Arrival City_ How the Largest Migration in History Is Reshaping Our World - Doug Saunders [52]
† The one country that has successfully avoided migration, despite labor shortages and an aging population, is Japan. The lack of immigrants has resulted in a declining standard of living, a price Japanese leaders still say they are willing to pay. However, Japan has never had substantial immigration, so there is no existing arrival-city population to propel further demand.
4
THE URBANIZATION OF THE VILLAGE
THE VILLAGE TRAP
Tatary, Poland
When school ends each afternoon, 17-year-old Gosia Storczynski abandons her friends in a quick flurry of Polish-English slang, mounts her bicycle, and makes the four-kilometer journey to a lonely field on the edge of her village. There, she covers her auburn hair in a kerchief and meets her father, a big, grizzled man who has arrived in a horse-drawn wooden cart. She takes a 10-liter pail from the cart, heads to the center of a field, squats beneath a grazing heifer with the pail between her knees, and begins the exhausting two-hour job of milking the family herd, entirely by hand, and hauling the heavy buckets home. Each afternoon, the effort is repeated; each morning, Gosia rises at dawn for more farm chores. Hers is the life of a peasant, timeless, exhausting, governed by the rhythms of nature.
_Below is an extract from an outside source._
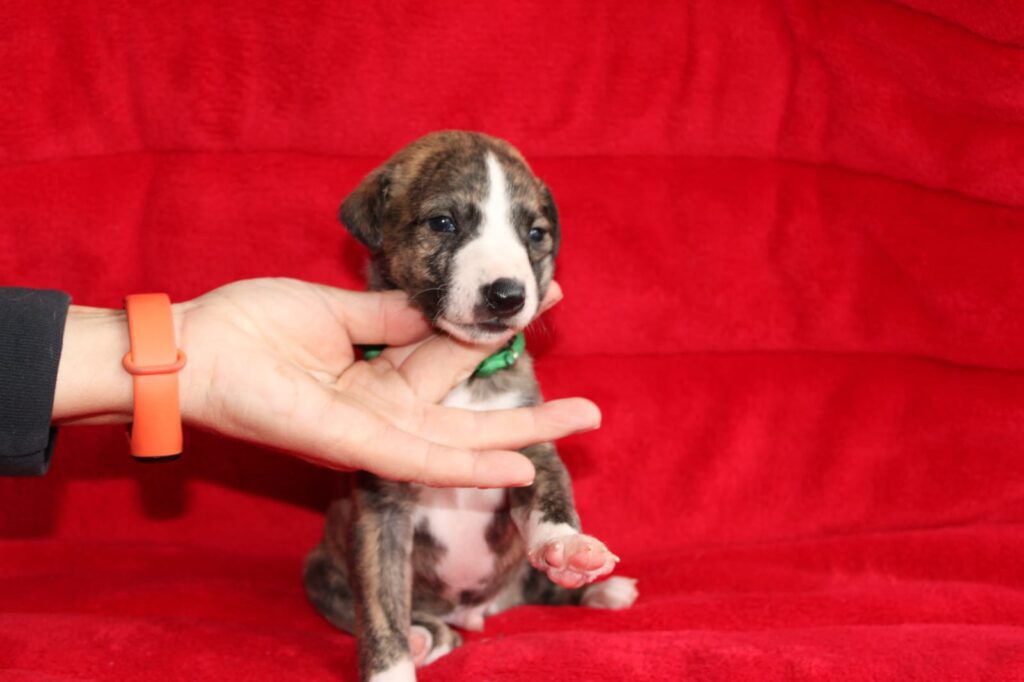 Whippet cuccioli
But Gosia is, as she is well aware, a member of Europe’s final generation of peasants. It is she, and several million fellow young subsistence farmers who cover the continent’s eastern flank, who will put an end to this millennia-old institution. Indeed, she is one of the westernmost members of a worldwide generation who are declaring an end to the peasant life, sooner in Europe, within decades in Asia, and almost certainly by the end of the century in Africa.*
Gosia, like peasants almost everywhere today, has found her life governed less by the fruits of farming and the market for food than by the push and pull of the arrival city. Gosia’s father, 53-year-old Marek, is the hereditary owner of these 16 hectares on the eastern edge of Poland, near the city of Białystok and the border of Belarus. That makes his farm large by local standards (and tiny almost anywhere else in Europe), but much of his land is unfarmable: Forest, meadow, and ravine account for more than half. Only seven hectares are arable, which makes this almost an average-sized Polish farm, not really large enough to provide a full income. Farms on this edge of the Western world are almost as small as those in the far more fertile wetlands of Asia: 60 percent of Poland’s farms are smaller than five hectares; more than a third are less than one hectare. This is strictly peasant farming: Over 44 percent of Poland’s farms produce solely or mainly for their own consumption, and another 10 percent produce nothing at all.1 Poland’s four million farmers are the largest remaining peasant population in Europe. They do have the advantage, vis-à-vis their fellow peasants in the post-communist East and in China, of being clear and outright owners of their land: During the communist era, Poland collectivized only its largest farms, leaving 80 percent of the land in the hands of small-hold peasants.
Poland’s peasant farms are an enormously ineffective way to use farmland. Despite employing almost a fifth of the population, agriculture accounts for only 4.7 percent of Poland’s economy—and almost all of this comes from only 5 percent of the farms, the largest ones. It is a waste of economic opportunity: Paid agricultural labor accounts for only 3 percent of Poland’s rural workforce, a fifth of which is unemployed. Productive commercial agriculture would employ far more. And it is a huge waste of land. Average European farms produce almost five times as much food per hectare as Polish farms do.2
As with much of the world’s peasant agriculture, the Storczynski farm is economically unsustainable.